Casualties and losses
- Unknown: Unknown

= Battle of Jagdishpur (1745) =

1745 battle part of Afghan insurrections in Bengal Subah

The Battle of Jagdishpur was a decisive engagement in 1745 during the Afghan insurrections in Bengal (1745–1748), pitting the forces of the Nawab of Bengal, Zain-ud-Din Ahmed Khan, against the Afghan rebel Mustafa Khan. Depleted by his failed Patna campaign, Mustafa Khan led another attempt to capture the Bihar province. In a fierce battle near Jagdishpur, Mustafa Khan was shot dead by musket fire; his head was severed and displayed on a spear atop his elephant, causing the Afghan army to flee under his son Murtaza.

== Background ==

Following Mustafa Khan's defeat at the battle of Patna, determined to capture Bihar, decided to assault once more time. He promptly repaired his artillery and arms and recruited fresh troops from various regions. Within three months, before the rains began, he assembled an army of 18,000 cavalry and 15,000 infantry.

Mustafa Khan left Chunar before the monsoon of 1745, entered Shahabad, and allied with zamindar Udwant Singh Ujjainia of Jagdishpur, who had been hostile to Zain-ud-Din.

== Battle ==
On June 2, 1745, Zain-ud-Din promptly departed from Patna at the head of an army of 13,000–14,000 men, accompanied by generals like Shah Din Muhammad, Raham Khan Ruleha and others. They then forded the Sone River at Koilwar, and next day advanced 12 miles south-west by south to Karhani (in Shahabad) on the edge of the jungle of Jagdishpur. Two miles beyond this village the enemy were sighted and the battle joined on June 20, 1745.

Mustafa's forces and equipment had been severely depleted due to his financial exhaustion following the failed Patna campaign, which had consumed his treasury. Raja Kyretchand, (Note: Spelled Kirat Chand) mounted on an elephant, commanded the right flank of Zain ud-Din's army with 5,000 cavalry and several thousand infantry, reinforced by Ahmad Khan Qureshi and Jaswantnagar with their troops. Mustafa Khan chased and routed Zain ud-Din's vanguard under Kirat Chand, killing Daud Khan and several young soldiers. Khadem Husain Khan was also wounded. Mustafa Khan seized his guns.

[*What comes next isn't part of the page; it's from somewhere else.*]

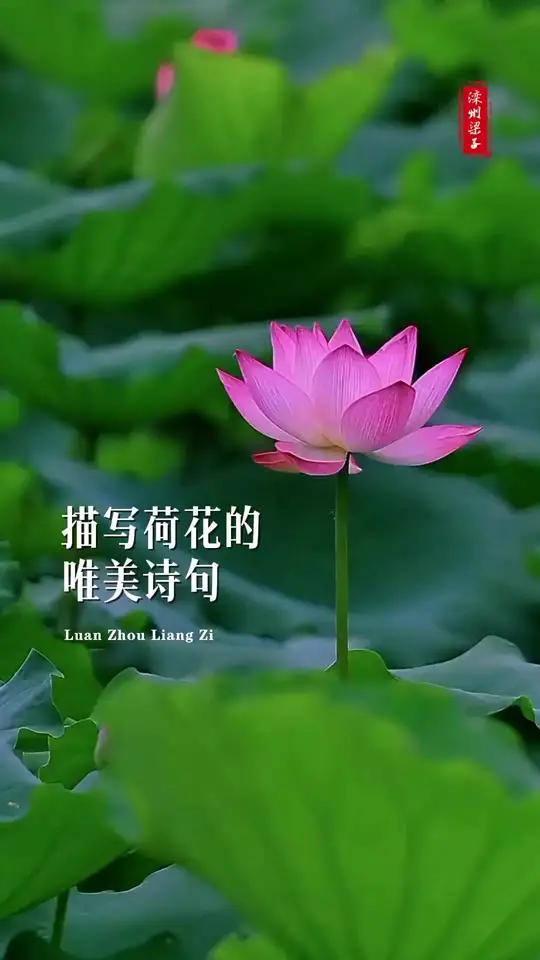 描写荷花的唯美诗句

Mustafa Khan launched a desperate charge at Zain-ud-Din. Abdul Ali Khan resolved to make a bold stand once more. He was soon reinforced by Mahdi Nisar Khan, Naqi Ali Khan, Shah Jahan Yar, Raja Sundar Singh, Raham Khan Ruhela, Karam Khan, and Raja Ram Narain, and advanced to oppose Mustafa Khan.

Mustafa routed the Nawab's vanguard; however, he was immediately struck by a musket ball on his chest and lost his consciousness. He soon regained his senses and renewed his charge against Zain ud-Din. Under the order of Zain ud-Din, Hashim Ali Khan mounted the rebel leader's elephant, beheaded Mustafa Khan, and displayed his head on a spear. The Afghan seeing their general's death collapsed into flight. Rajah Kirat Chand pursued the Afghan soldiers to their camp and captured their tents, horses and baggages. The Afghans retreated to the village of Magror (Note: 14 miles west of Chainpur, Saharsa, Bihar on the bank of the Karmanasa River) under the command of Mustafa's son, Murtaza Khan, and the surviving officers.

== Aftermath ==
Mustafa Khan's decapitated body was taken to Patna, and was dissected into two halves. The bisected body was hung at the city's western and eastern gates before burial in Sher Shah's mosque compound, on Zainuddin's orders. This battle decisively ended first Afghan insurrection in Bengal. Zain ud-Din emerging victorious returned to Patna. The news of victory reached to Alivardi. In the meantime, Raghuji Bhonsle had invaded Odisha, and captured Cuttack with its governor Durlabhram.